En sus conocidos Anales Lawman, el religioso islandés
Einar Haflidason (1307-1393) lo cuenta así:
“En aquel momento, un barco zarpó de Inglaterra con mucha gente a
bordo. Llegó al puerto de Bergen y se descargó una pequeña parte de la
mercancía. Entonces, toda la gente del barco murió y tan pronto como aquellos productos llegaron
a la ciudad, sus habitantes empezaron a morir. Por otro lado, la pestilencia se
extendió por toda Noruega y causó tal estrago que no sobrevivió más que una
tercera parte de la población. El barco inglés fue hundido junto a su capitán,
los hombres muertos y la mercancía
restante…”
Así empezaba todo en los años de
la peste: unos combatientes que vuelven de la guerra; una caravana de
mercaderes que cruza el desierto; una cofradía de peregrinos que regresa a casa
después de visitar los lugares santos;
un barco repleto de mercancías… y de ratas infestadas de pulgas y piojos.

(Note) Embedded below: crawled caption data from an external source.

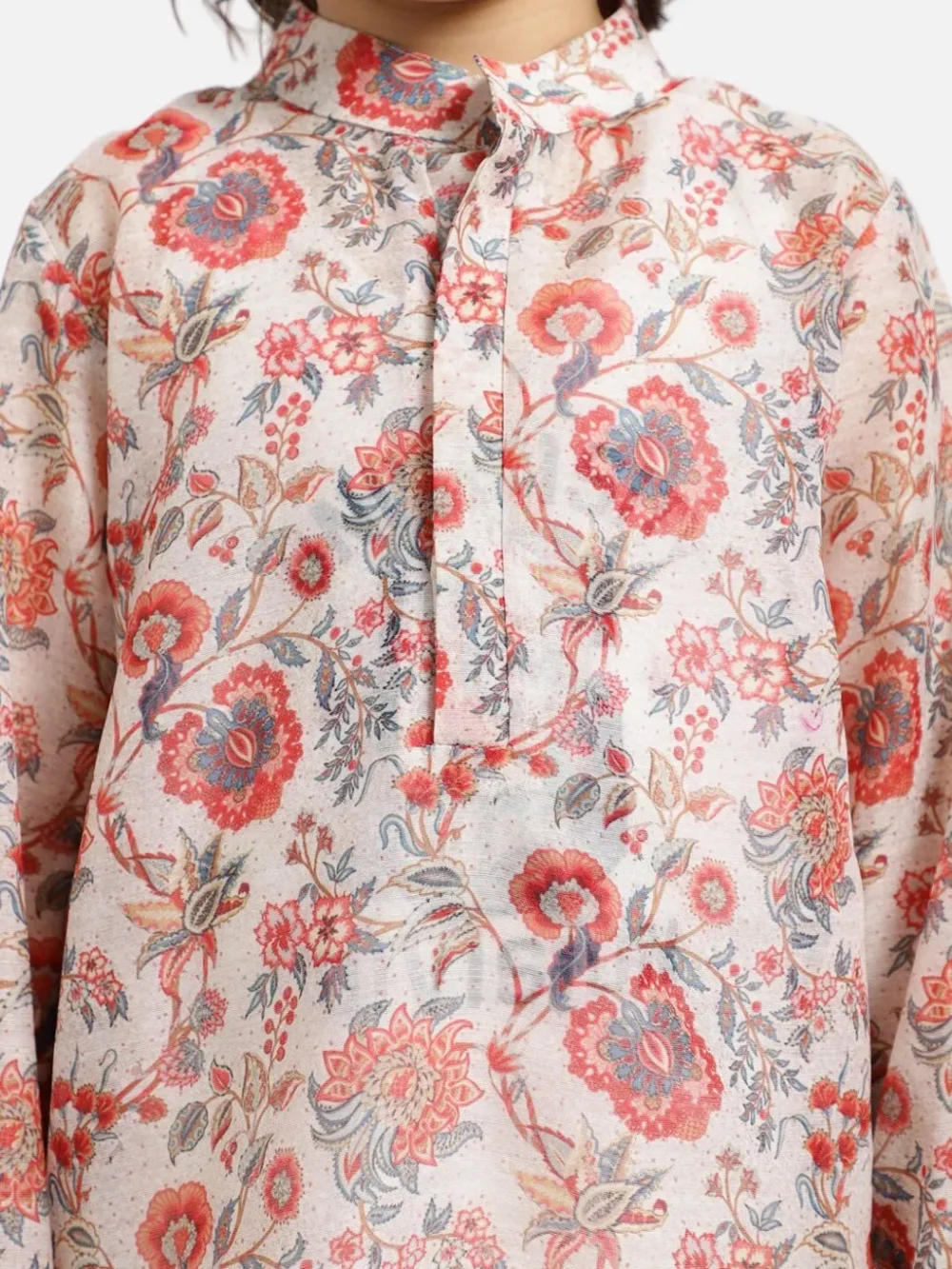 Cream and red colored floral printed Kurta pajama set - Image 3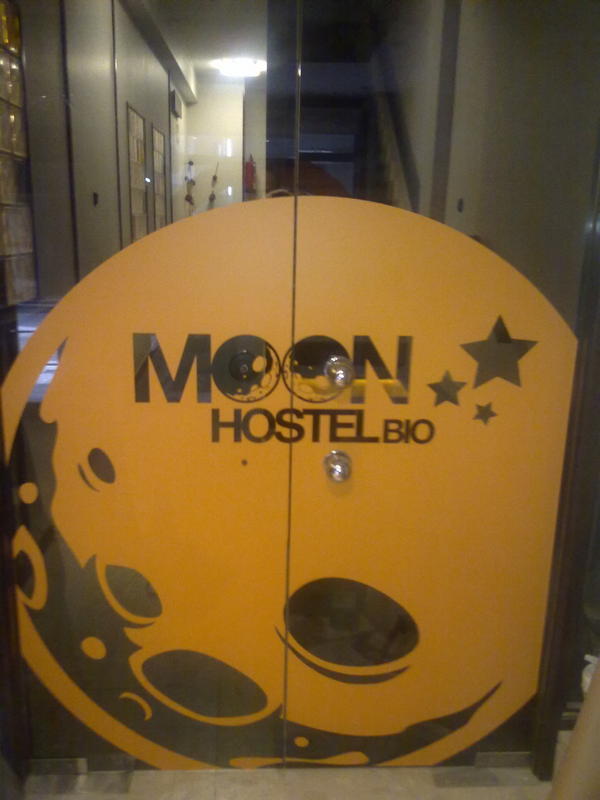 Moon Hostel Bio  3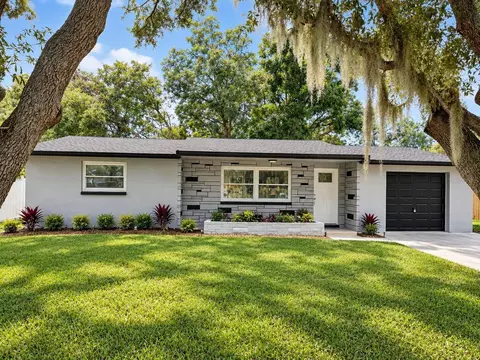 6220 Maplewood Dr, New Port Richey, FL 34653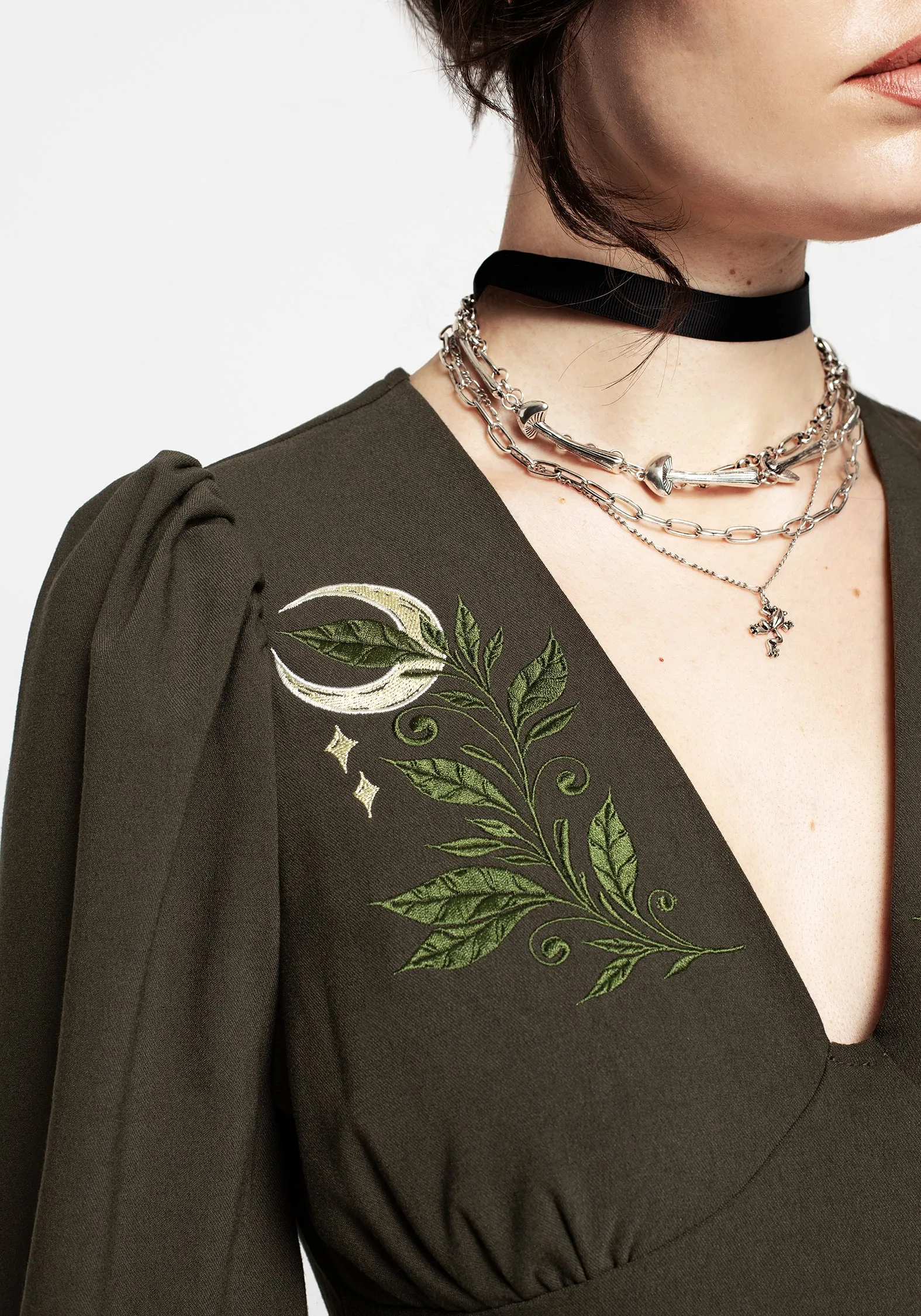 Contemporary Style Huldra Embroidered Midi Dress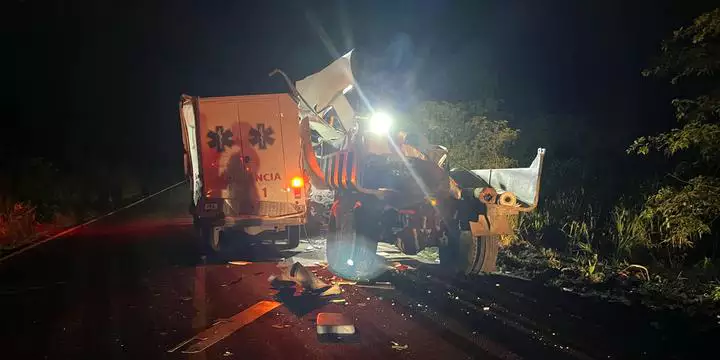Colisão entre ambulância e trator deixa duas pessoas feridas no Pará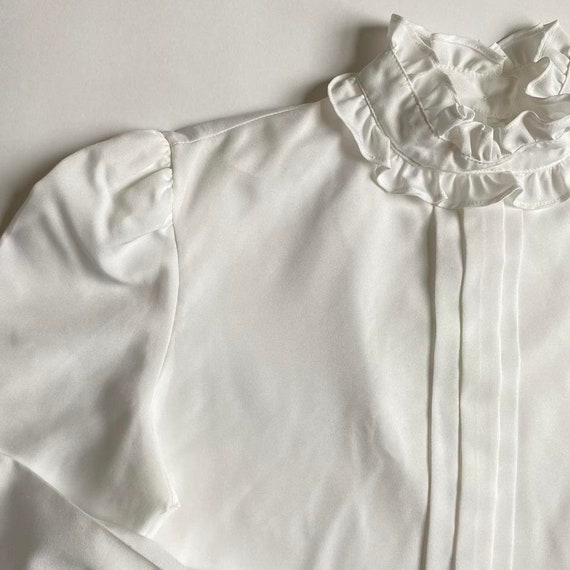 Vintage white ruffle collar blouse - image 3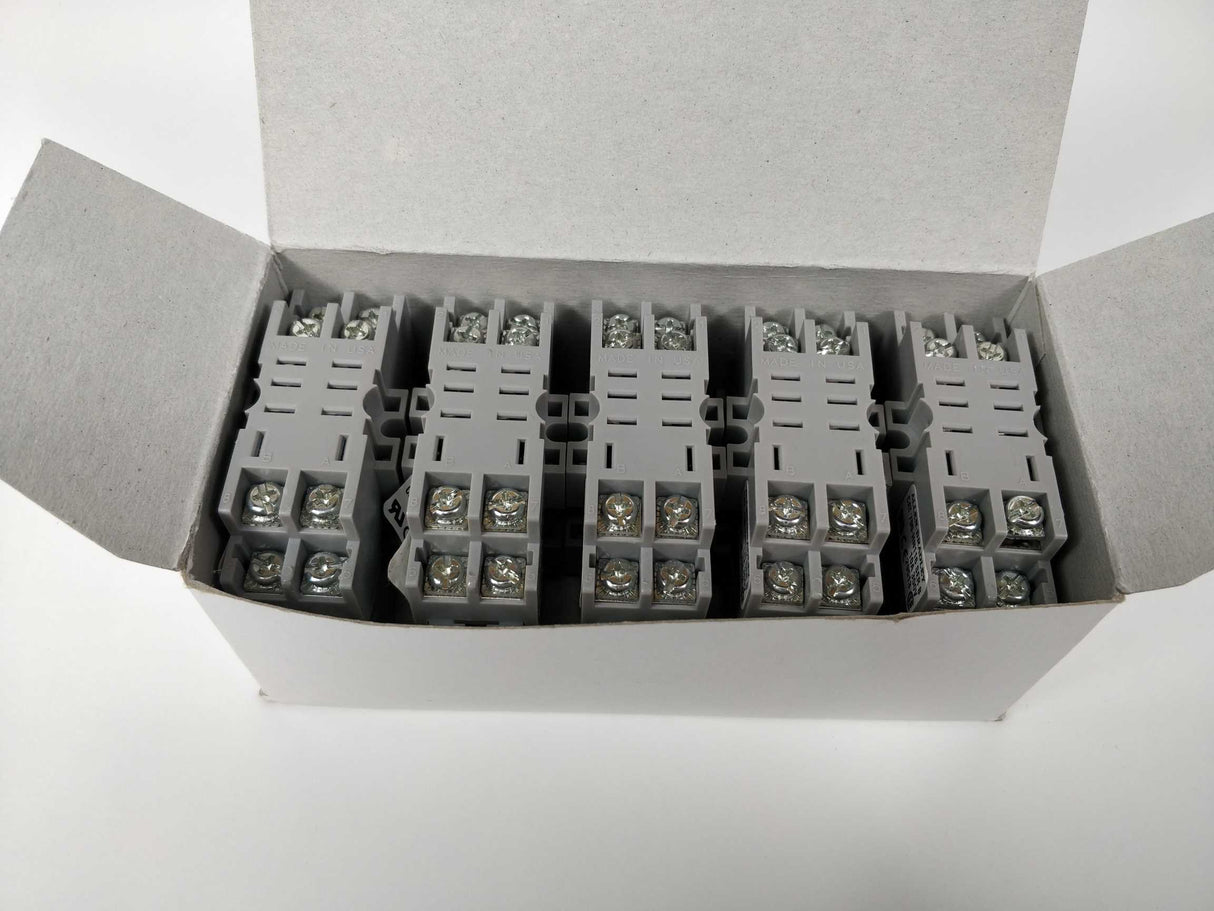 AB 700-HN116 8-BaldeSocket, 10 Pcs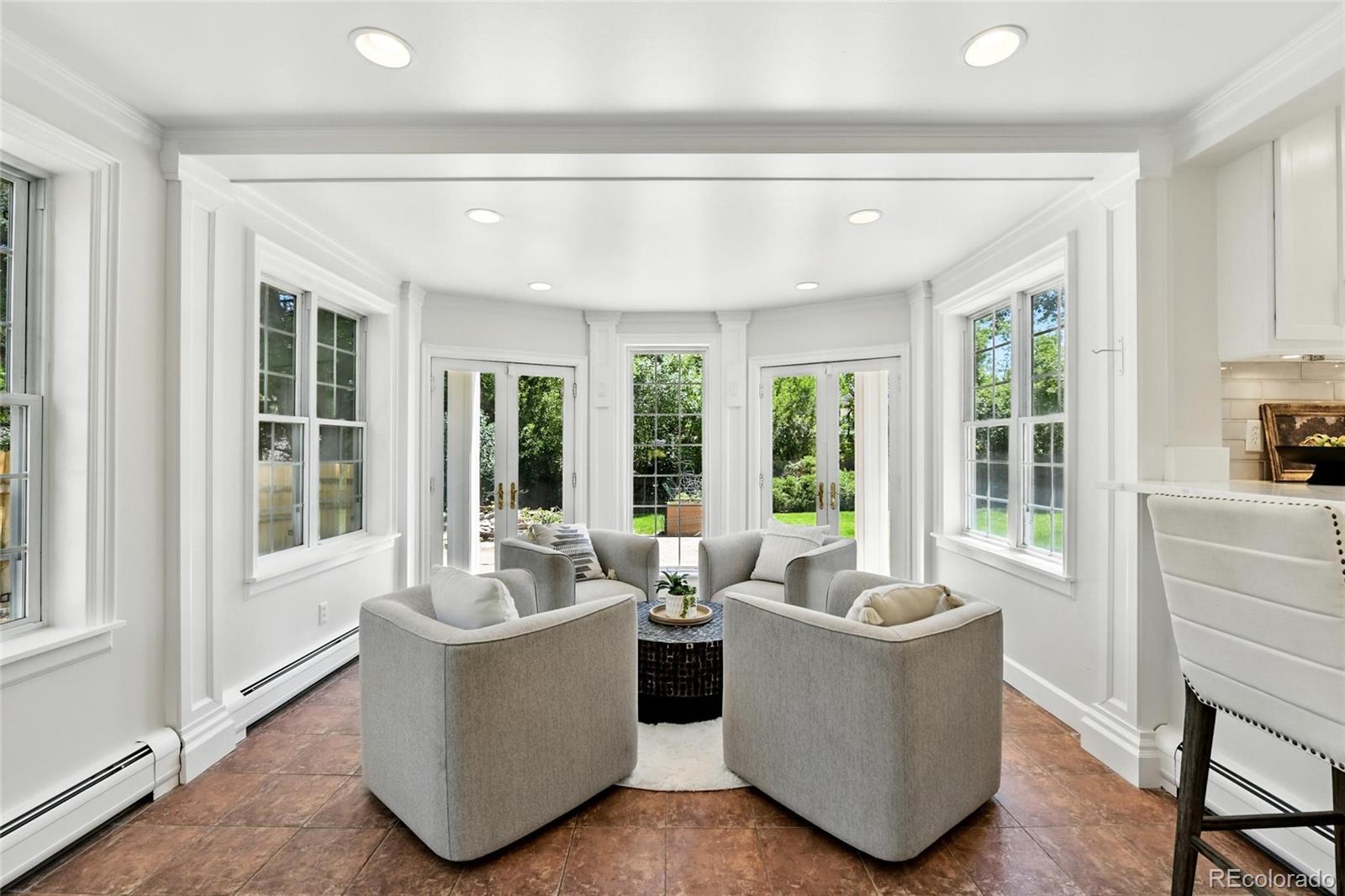MLS Image #20 for 3884 s niagara way,denver, Colorado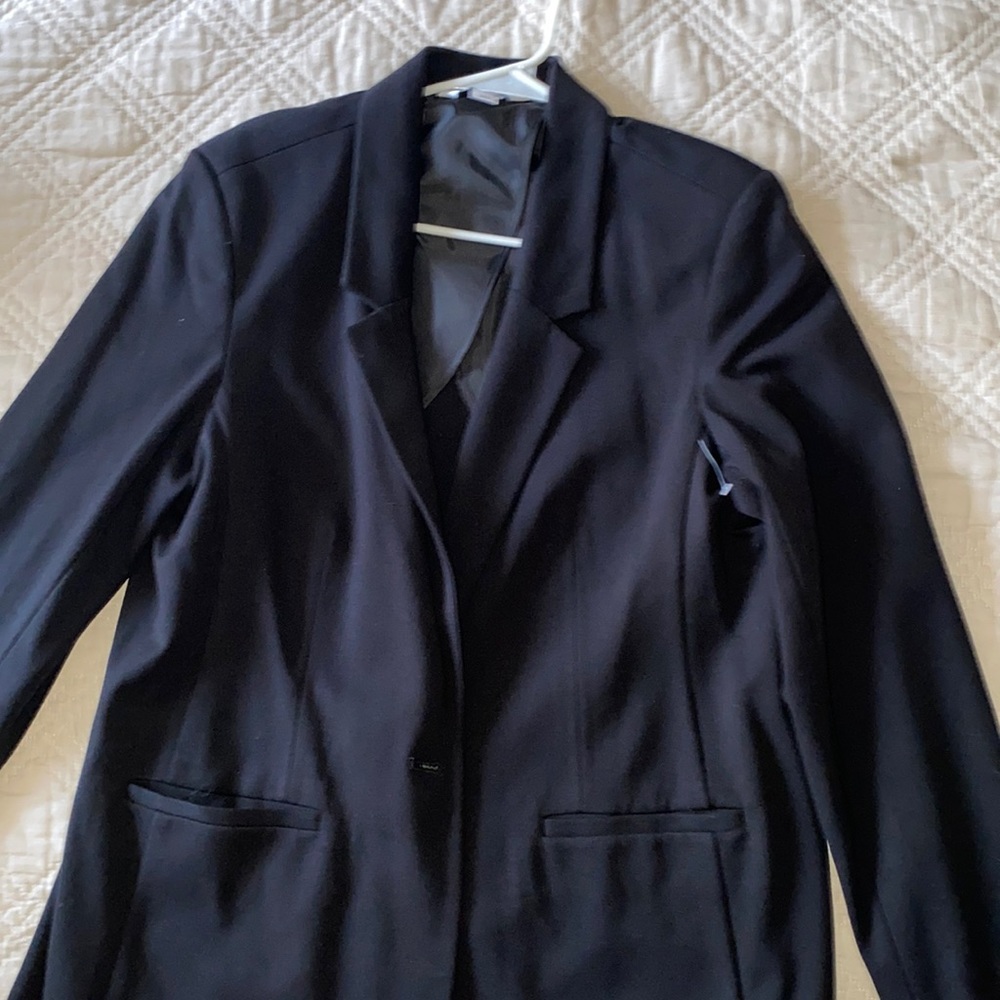 Women’s old navy mid length black blazer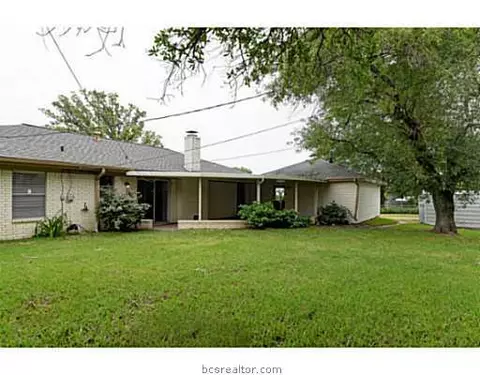 2316 Devonshire St, Bryan, TX 77802 photo 2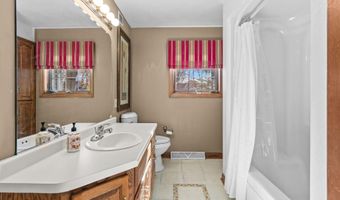 2800 SCHAEFER Cir, Appleton, WI 54915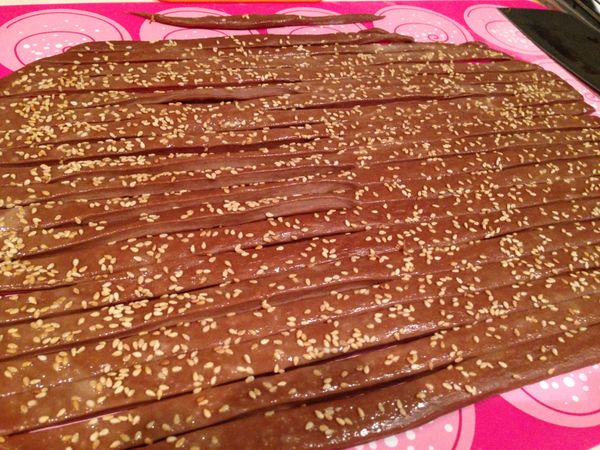 切成約一公分寬條狀。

Luego un hombre aquí y otro allá
empezaban a quejarse de dolores de cabeza, fiebres, vómitos y temblores.
Al mismo tiempo aparecían manchas
en la piel y pequeños tumores en algunas
partes del cuerpo.
Entonces se desataba la
mortandad. No había lugar del mundo conocido que pudiera escapar a ella: Mongolia, India, Turquía, Rusia, España, Egipto,
Italia, Francia.
Y luego el Nuevo Mundo.
Cada cierto tiempo la tierra
entera se convertía en una aldea de apestados.
El pavor se apoderaba de todos:
hombres y mujeres; niños y viejos; ricos y pobres; poderosos y desvalidos; frailes y
laicos; bellas y feas: todos intentaban escapar hacia algún lugar
inexpugnable.
Pero más temprano que tarde la
peste los alcanzaba.
Entonces, cada quien buscaba su
propia explicación: la ira divina, la
anómala conjunción de los astros, “los
humores malignos” del cuerpo, las emanaciones cósmicas.
Y, claro, “Los maleficios de los judíos”.
La ciencia apenas daba sus
primeros pasos en el método de ensayo y
error. Por eso, a nadie podía
ocurrírsele que las pulgas, piojos y niguas tuvieran que ver en el
asunto.
O las temibles ladillas del vello
púbico
Y menos podían sospechar que las ratas, ardillas y otros roedores tuvieran
su parte en la pesadilla.
Con sagacidad y paciencia de detective, el
gran biólogo y entomólogo español Xavier
Sistach( Barcelona,1962) se dio a la tarea de seguir la estela negra de la
peste, desde las páginas del Antiguo Testamento hasta nuestros días.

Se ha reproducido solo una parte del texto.